Work task: Starting with the line that holds "5970 Alton Rd, Miami", reproduce each line through the last one of the data, exactly as written. Pictures are not copied.

▼

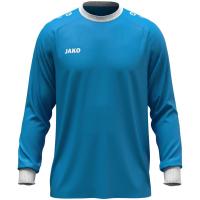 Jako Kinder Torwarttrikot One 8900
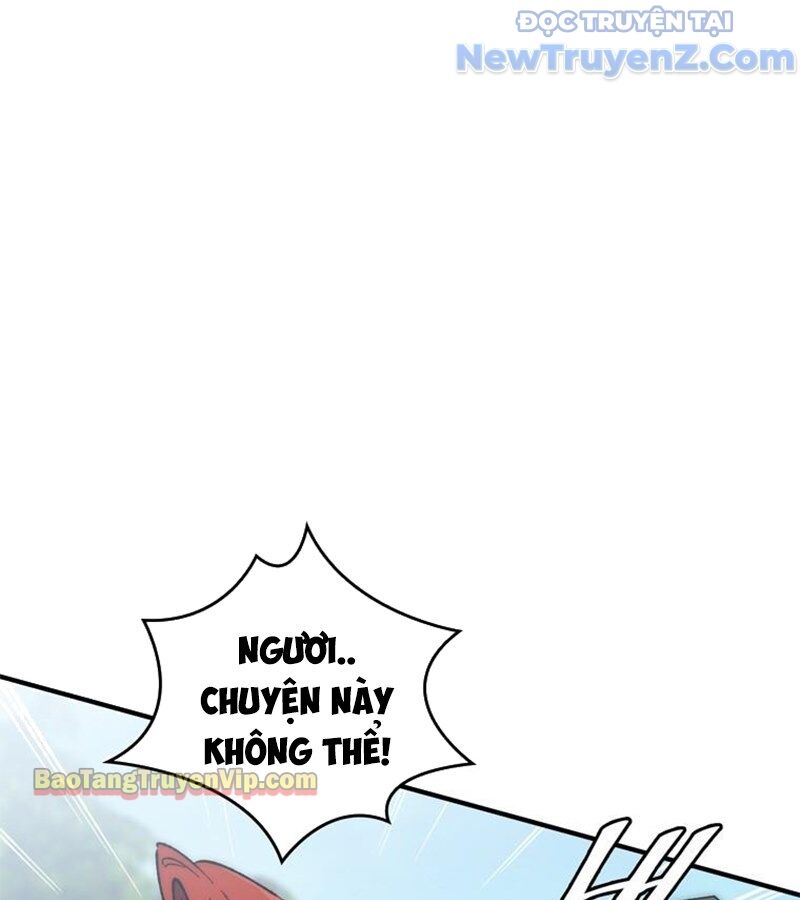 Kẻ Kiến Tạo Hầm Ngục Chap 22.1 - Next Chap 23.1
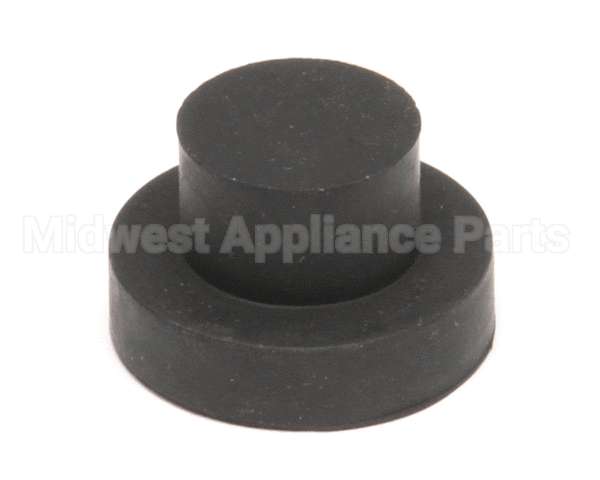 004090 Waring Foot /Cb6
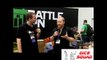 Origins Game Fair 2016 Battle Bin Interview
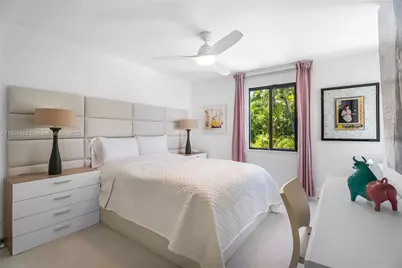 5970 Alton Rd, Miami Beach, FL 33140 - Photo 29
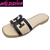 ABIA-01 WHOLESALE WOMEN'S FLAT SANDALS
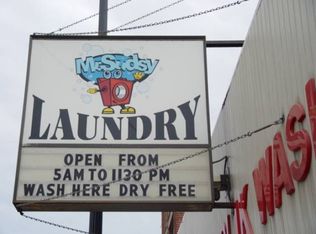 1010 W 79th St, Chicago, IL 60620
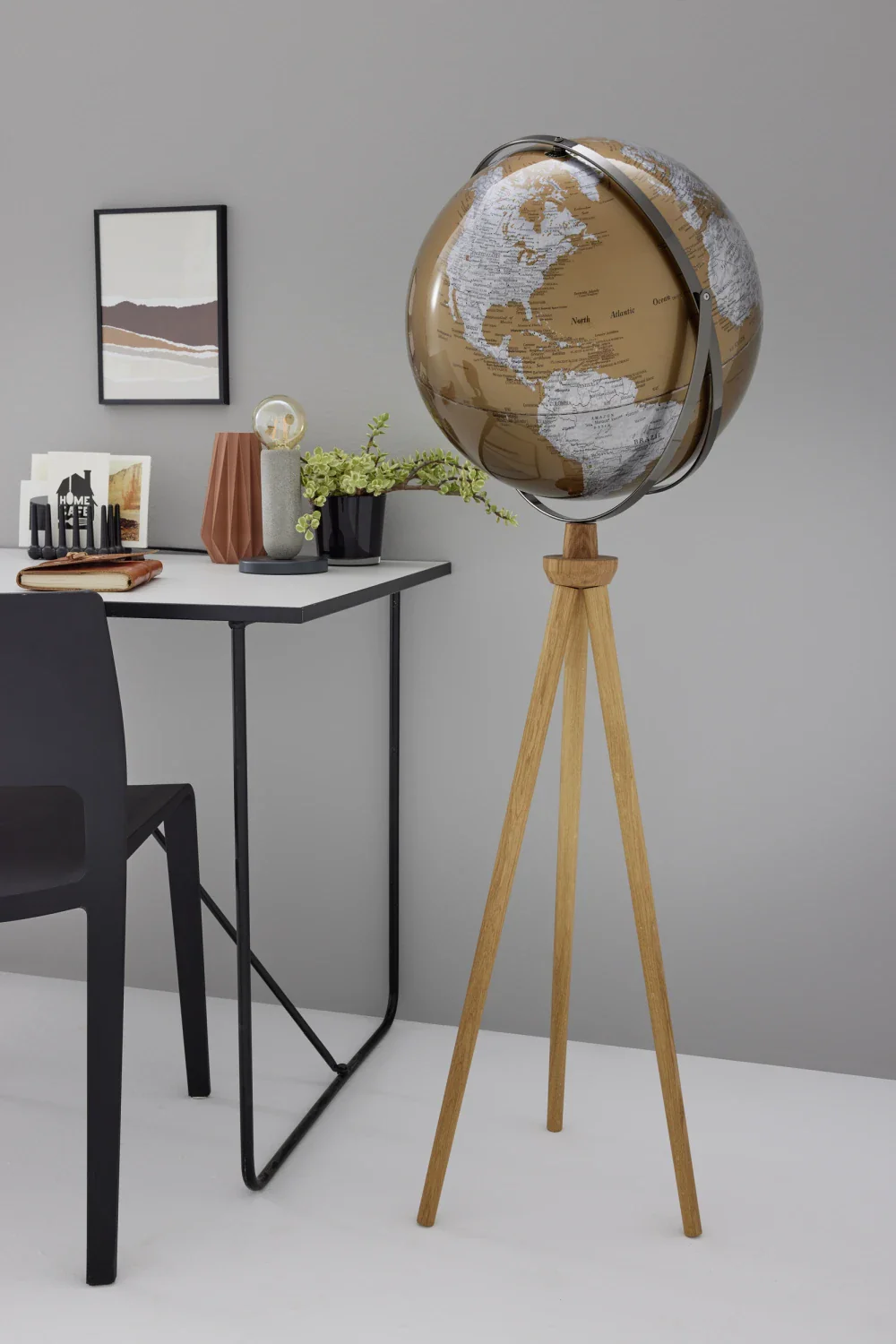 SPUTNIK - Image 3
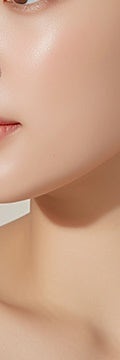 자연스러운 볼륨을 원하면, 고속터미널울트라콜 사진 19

▲

Answer box:
 5970 Alton Rd, Miami Beach, FL 33140 - Photo 29
 ABIA-01 WHOLESALE WOMEN'S FLAT SANDALS
 1010 W 79th St, Chicago, IL 60620
 SPUTNIK - Image 3
 자연스러운 볼륨을 원하면, 고속터미널울트라콜 사진 19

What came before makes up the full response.